Il Dying with Dignity Bill 2020 prevede che le persone con malattie terminali progressive possano avvalersi di assistenza medica per terminare la loro vita. Tutto deve essere controllato e monitorato, e prima di dare l’assenso due medici devono verificare la malattia.
I vescovi non sono rimasti in silenzio, e hanno inviato un parere all’Oireachtas Eireann, il Parlamento sulla Repubblica di Irlanda.
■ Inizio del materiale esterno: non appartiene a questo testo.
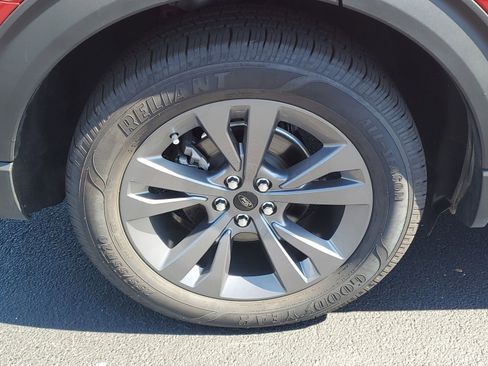 Certified 2024 Ford Explorer XLT w/ Equipment Group 202A RWD image 5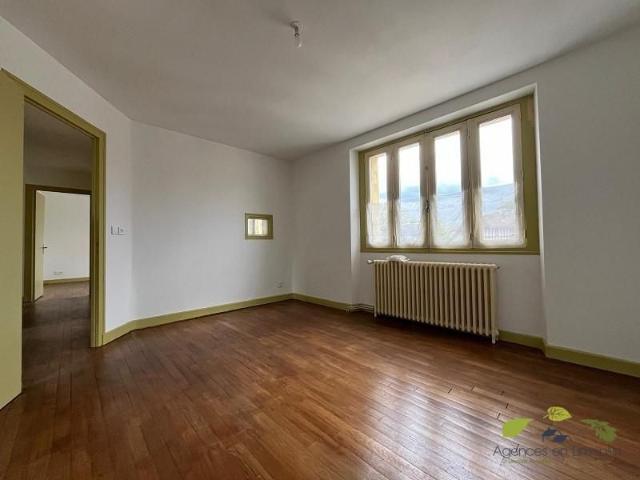 Location Appartement 4 pièces 71m² ST LEONARD DE NOBLAT 87400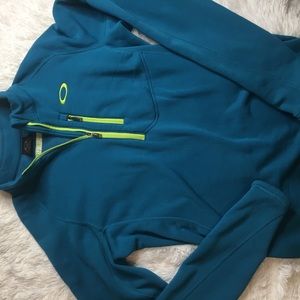 Lg Oakley men’s pullover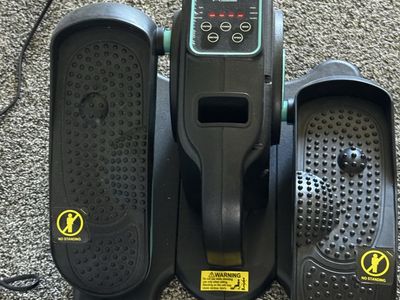 Elliptical peddler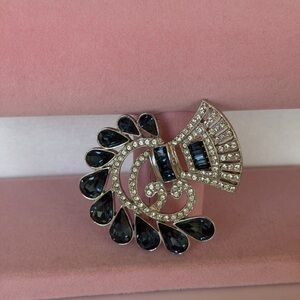 Vintage Unsigned Coro Style Montana Blue Rhinestone Cornucopia Brooch Pin 1950s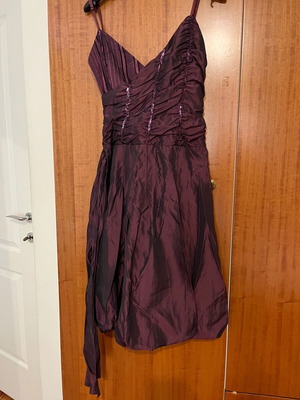 Vintage dress with sequins and side zipper, purple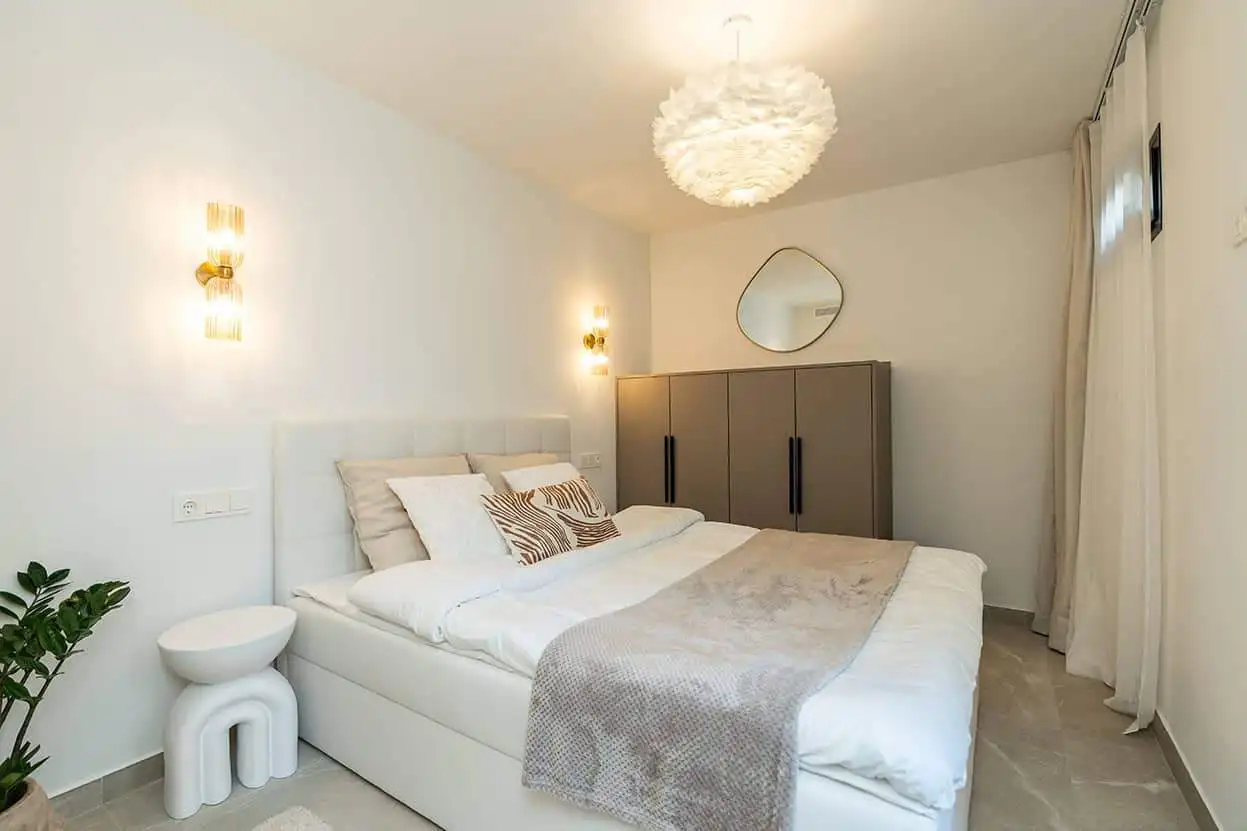 Bright, spacious bedroom in Marbella Golf Valley with modern decor.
Si legge nel parere: “Qualunque sia la prognosi e per quanto limitata sia la nostra capacità, il nostro valore come persone è radicato in ciò che siamo piuttosto che nell’aspettativa di vita o nella nostra capacità di raggiungere determinati standard di prestazioni fisiche o mentali”.
I vescovi hanno chiesto al Parlamento di valutare se in tutta Irlanda ci siano “adeguate prestazioni di cure palliative e, in tal caso, se vi siano sufficienti energie investite per far conoscere la loro disponibilità e il loro scopo”, incoraggiando dunque a diffonderle perché questa permetto di raggiungere “una fine della vita dignitosa e pacifica”.
Soprattutto, i vescovi chiedono di non procedere nell’iter del disegno di legge, nella convinzione che “abbiamo la responsabilità morale di prenderci cura del nostro prossimo secondo l’immagine evangelica del Buon Samaritano”.
Anche perché i vescovi lo dicono senza mezzi termini: “Questo disegno di legge
prevede un’approvazione e un’agevolazione da parte dei medici al suicidio”. Per questo, hanno scritto, “i legislatori devono riconoscere onestamente la differenza e chiamare le cose con il loro nome”.